Durch die volle Ausnutzung des Grundstücks und den einfachen Ausbau bewegen sich die Mieten zwischen 4 500 und 5 500 CHF. Auf den ersten Blick ein stattlicher Betrag, doch vergleichbar große Neubauwohnungen im Quartier erreichen Mieten von bis zu 8 000 CHF. Auch die Zusammensetzung der Bewohnerschaft war den Architekten ein Anliegen: Sie wollten die Wohnungen nicht einfach an kinderlose Doppelverdienerpaare vermieten. Heute leben in den fünf Wohnungen mehr Kinder als Erwachsene. Auch stehen in der Tiefgarage keine protzigen Geländewagen: »Nachhaltiges Wohnen und ein spritschluckendes Auto vertragen sich nicht«, ist Maier überzeugt. Deshalb schieden bei der Besichtigung diejenigen Bewerber aus, die mit einem großen Geländewagen vorfuhren. Eine Auswahl, die sich Hess und Maier leisten konnten, denn die Wohnungen waren innerhalb einer Woche vermietet.

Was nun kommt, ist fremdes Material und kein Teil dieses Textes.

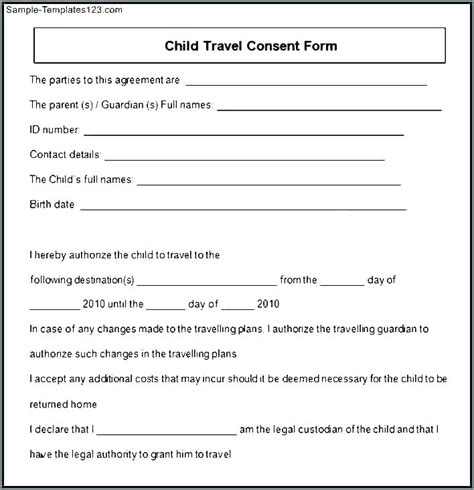 Printable Consent To Travel Form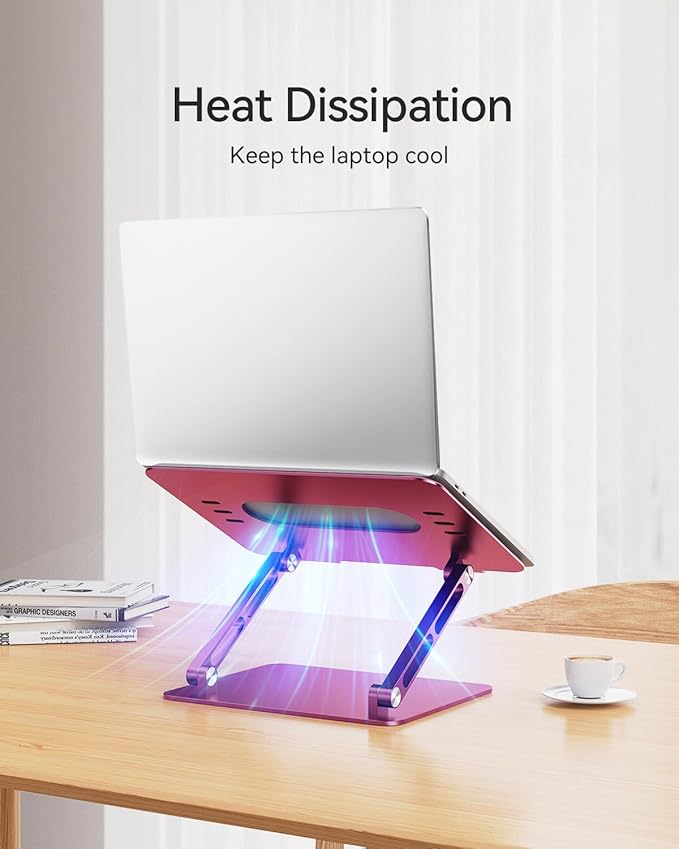 Foldable Aluminum Laptop Stand for 10-17.3" Laptops, Height Adjustable Portable Ergonomic Computer Holder, Space Saving Desk with Heat Dissipation. Compatible with MacBook/Dell/HP etc, Rose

Schwieriger hingegen gestaltete sich die Suche nach Partnern für die Bauausführung. Mit dem Planungsbüro Ghisleni fanden sie den passenden Partner für die Bauleitung und mit Gartenmann Engineering aus Zürich schließlich einen Bauphysiker für die schwierige energetische Berechnung der Dämmbetonwände. Denn v. a. bei der energetischen Berechnung betraten die Beteiligten Neuland: Die bauphysikalischen Eigenschaften des Spezialbetons unterscheiden sich stark von denen anderer Isolationsmaterialien. So liegt der U-Wert bei gleicher Fassadendicke beispielsweise höher, dafür ist der Wärmedurchgangskoeffizient tief und die Speicherfähigkeit hoch – Eckwerte, die in Einklang mit den gängigen Dämmvorschriften gebracht werden mussten.

Obwohl 45 cm Wanddicke, Standardfenster und eine Gasheizung zum Einhalten der vorgeschriebenen Verbrauchswerte von rund 90 KWh/m²a bereits genügt hätten, entschlossen sich die Architekten, weiter zu gehen. Durch Fenster mit besserer Dämmung und die Wahl einer Luftwärmepumpe, die die etwas wärmere Luft in der Tiefgarage ansaugt und so auch bei kalten Außentemperaturen effizient arbeitet, konnte die Energiebilanz nochmals verbessert werden.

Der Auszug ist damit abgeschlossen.